Le conflit en Ukraine a aggravé les difficultés d'approvisionnement et fait également grimper les prix de matériaux comme le nickel ou le palladium, ce qui accentuera la pression sur le secteur automobile mondial. La flambée des coûts énergétiques s'infiltre également dans les chaînes d'approvisionnement.

La douleur sera particulièrement ressentie en Europe centrale, où le secteur joue un rôle important et où l'on constate déjà certaines perturbations depuis l'invasion de l'Ukraine par la Russie le 24 février.

Volkswagen a temporairement suspendu la production dans deux usines en Pologne.

Une autre unité de VW, Skoda Auto, qui est le plus grand exportateur de la République tchèque, a arrêté la production de son modèle électrique ENYAQ iV et a prévenu que la production d'autres modèles était également menacée en raison de l'indisponibilité de faisceaux de câbles clés en provenance d'Ukraine.

Les interruptions de production feront des ravages, l'industrie automobile tchèque représentant environ un quart de la production industrielle et des exportations. En Hongrie, le secteur automobile représente 28 % des exportations industrielles.

Le stratège Christian Wietoska de la Deutsche Bank a estimé dans une note du 11 mars que chaque semaine d'interruption complète de la production automobile - ce que l'on a vu lorsque les usines ont fermé au début de la pandémie de coronavirus en 2020 - a soustrait environ 0,1 point de pourcentage du produit intérieur brut en République tchèque ou en Hongrie, plus qu'en Pologne ou en Roumanie.

De nouvelles interruptions pourraient limiter la production automobile tchèque au moins jusqu'au deuxième trimestre, a déclaré Jiri Polansky, économiste à l'unité tchèque d'Erste Group Bank.
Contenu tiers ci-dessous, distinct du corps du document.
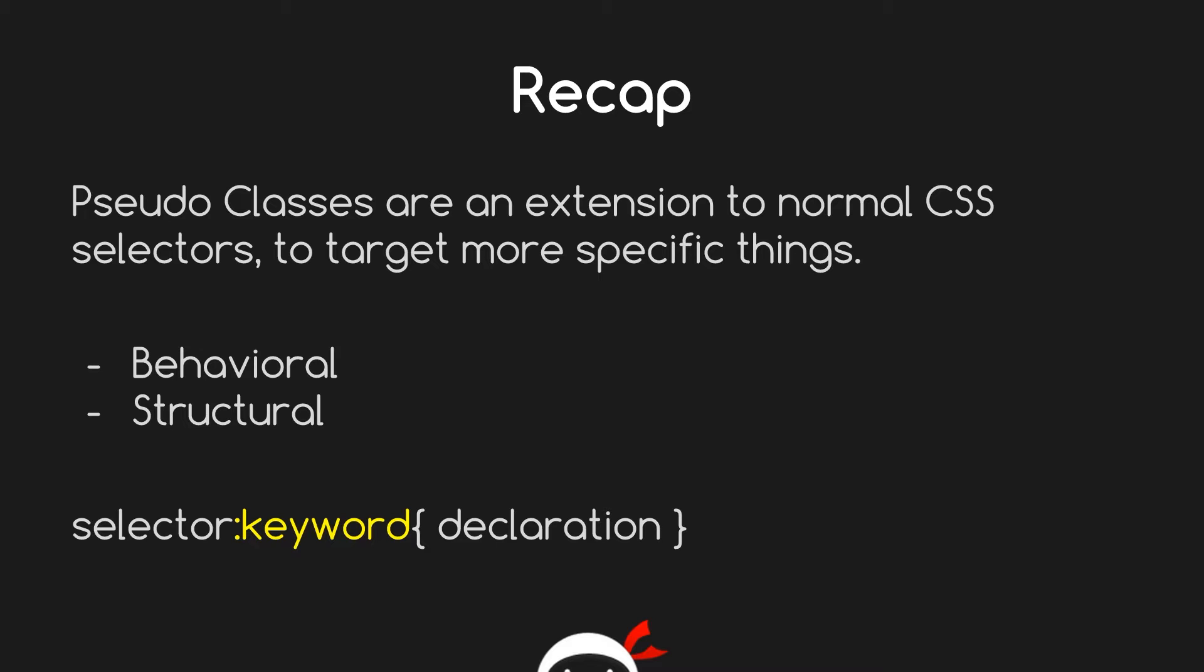That is the behavioral group, which is to do with user interactivity on your web page, and the structural group, which is to target advanced structural elements. Now the syntax is: you have your normal selector, then your colon, and then the keyword of your pseudo class, then your declaration.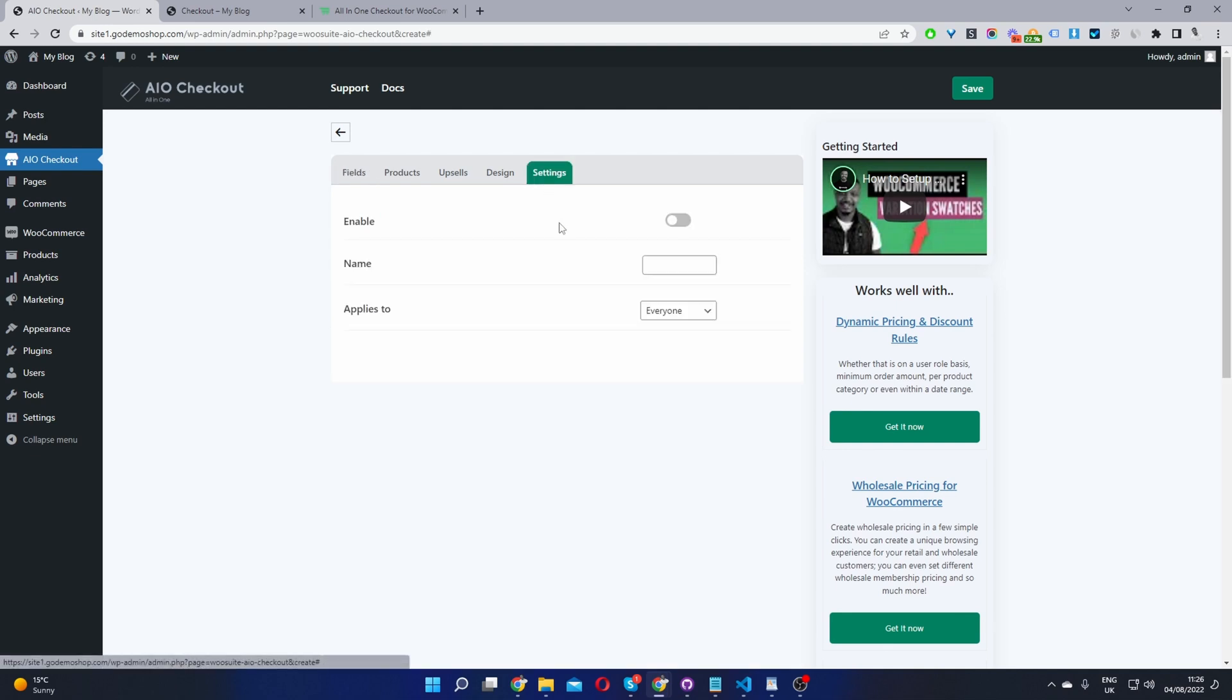So we'll go settings and then we'll set this to enable. We can go ahead and name this checkout in case you want to have multiple different checkout fields and layouts for various scenarios. So I'm just going to name this one default checkout.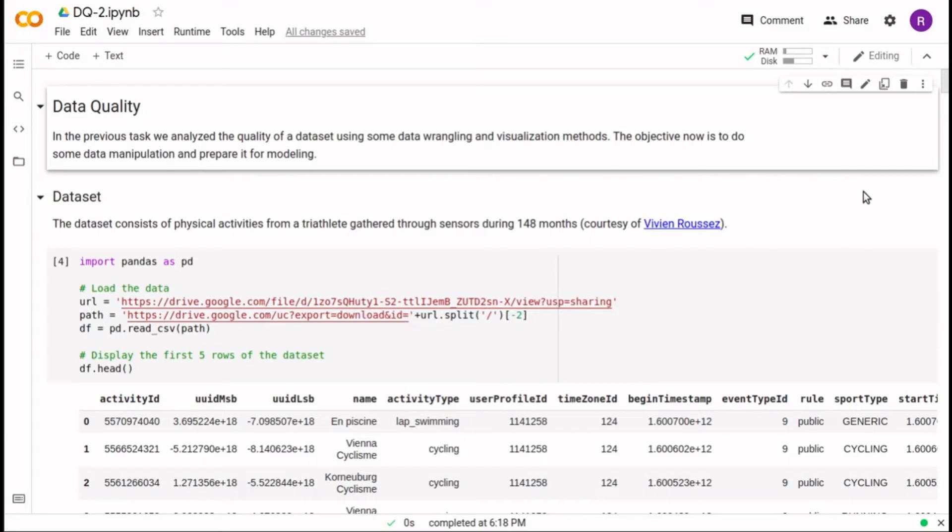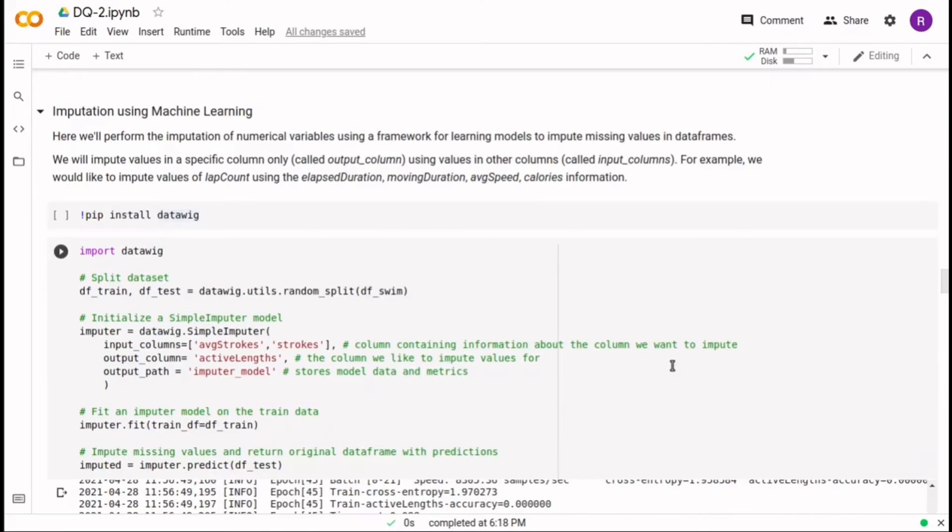In this video I will present a technique for imputing missing values with machine learning. Here we perform the imputation of numerical variables using a Python framework for learning the parameters of a model to impute missing values in a data frame.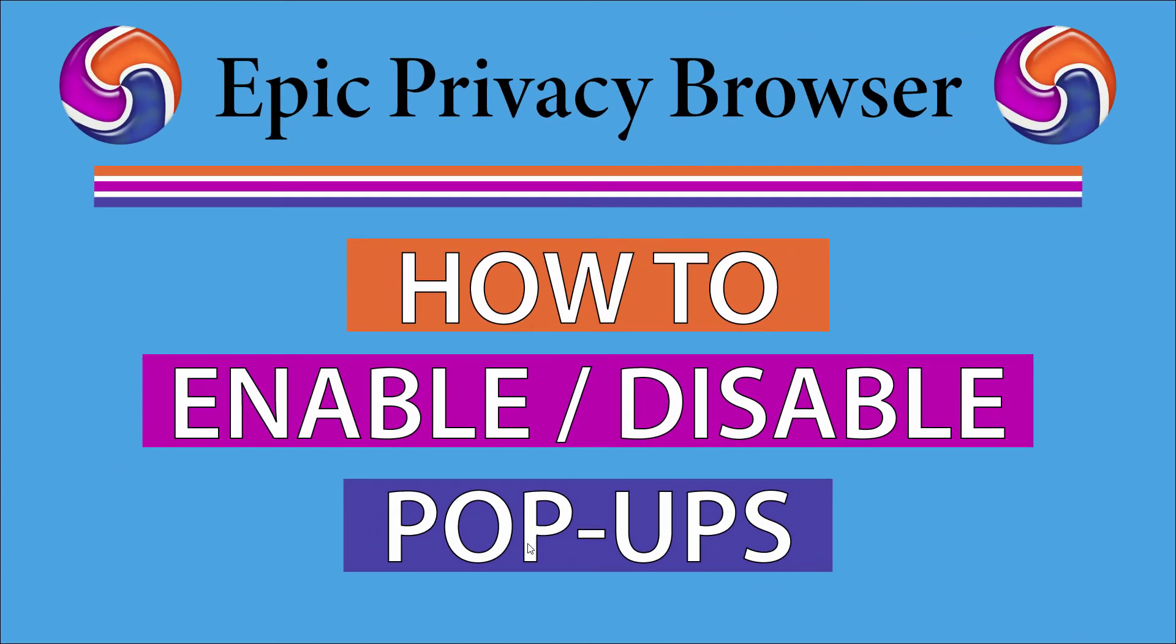This is going to be a video tutorial on how to enable or disable pop-ups in the Epic Privacy Browser. I will be using a desktop PC for this. Let me jump over to my browser here.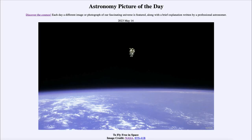Greetings and welcome to the introduction to astronomy. One of the things that I like to do in each of my introductory astronomy classes is to begin the class with the Astronomy Picture of the Day from the NASA website — that is apod.nasa.gov/apod — and today's picture for May 14th of 2023 is titled 'To Fly Free in Space.'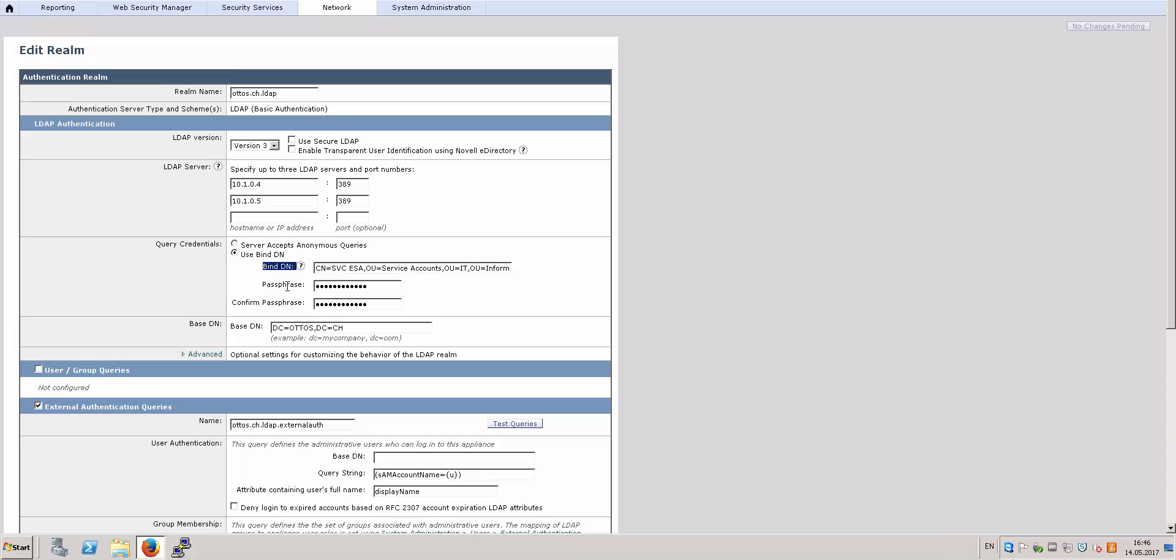And I used ADSI Edit to find the full distinguished name of the user, and I paste it in here, and I input the passphrase for the user. And the base DN, I just input the root domain of my Active Directory. So for example, if your domain is domain.local, you can input in the base DN DC=domain.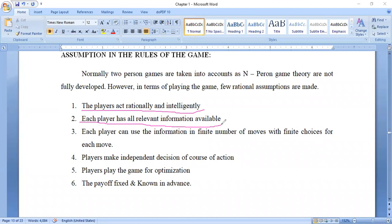The second assumption: each player has all relevant information available. The information which is related to that concerned game — such information should be present in the mindset of each and every player.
"Cette année pourrait être difficile pour l'économie tchèque, du moins pour la première moitié de celle-ci, et le secteur automobile sera l'un des secteurs les plus négatifs", a-t-il déclaré.

Les économies de la région ont affiché de solides reprises en 2021, mais ont été confrontées cette année à des vents contraires dus à une inflation élevée qui commençait à refroidir la croissance.

RÉVISIONS À LA BAISSE

Bien que les analystes affirment que les prévisions concernant l'impact total sur le secteur automobile sont encore difficiles à évaluer en raison des incertitudes élevées, les signes sont clairs : le conflit nuira aux économies, car la production industrielle sera affectée et une inflation plus élevée freinera les dépenses de consommation ou les investissements des entreprises.

Le gouverneur de la Banque nationale tchèque, Jiri Rusnok, a déclaré à la radio tchèque le 9 mars qu'il y aurait "sans aucun doute" un ralentissement. La banque a précédemment prévu une hausse du PIB de 3 % cette année, contre 3,3 % en 2021.

Le gouverneur adjoint de la banque centrale de Hongrie, Barnabas Virag, a déclaré cette semaine que la guerre en Ukraine créait des risques de baisse de la croissance économique.

Ce nouveau choc intervient après deux années de vaches maigres pour le secteur automobile d'Europe centrale, avec d'abord des fermetures d'usines en 2020. La pénurie mondiale de puces a freiné la production depuis l'année dernière, et le secteur tchèque a produit jusqu'à 300 000 voitures de moins que prévu l'année dernière à cause de cela.

L'organisme industriel tchèque AutoSAP a déclaré cette semaine qu'un tiers des entreprises tchèques signalent déjà un manque de matériaux ou de composants en raison du conflit en Ukraine.

Il avait précédemment prévu un retour à la croissance cette année, mais le directeur exécutif d'AutoSAP, Zdenek Petzl, a déclaré qu'atteindre les niveaux de production de 1,1 million de voitures en 2021 serait un succès.

"L'impact sera énorme", a-t-il déclaré à Reuters. "Il est étonnant que les entreprises aient survécu à la tempête des deux dernières années. Mais maintenant, on peut se demander ce qui va se passer."

En Roumanie, le ministre de l'économie a mis en place un groupe de travail pour se préparer aux retombées dans les segments industriels clés, comme le secteur automobile qui est confronté à des restrictions d'approvisionnement pour certaines pièces.

Peter Virovacz, économiste chez ING à Budapest, a déclaré que les baisses de production en Hongrie pourraient ne représenter que la moitié de celles observées en 2020, mais que la reprise serait beaucoup plus lente.

"Le secteur automobile ne sera pas en mesure de stimuler la croissance économique dans la mesure où nous l'aurions vu sans la guerre", a-t-il déclaré.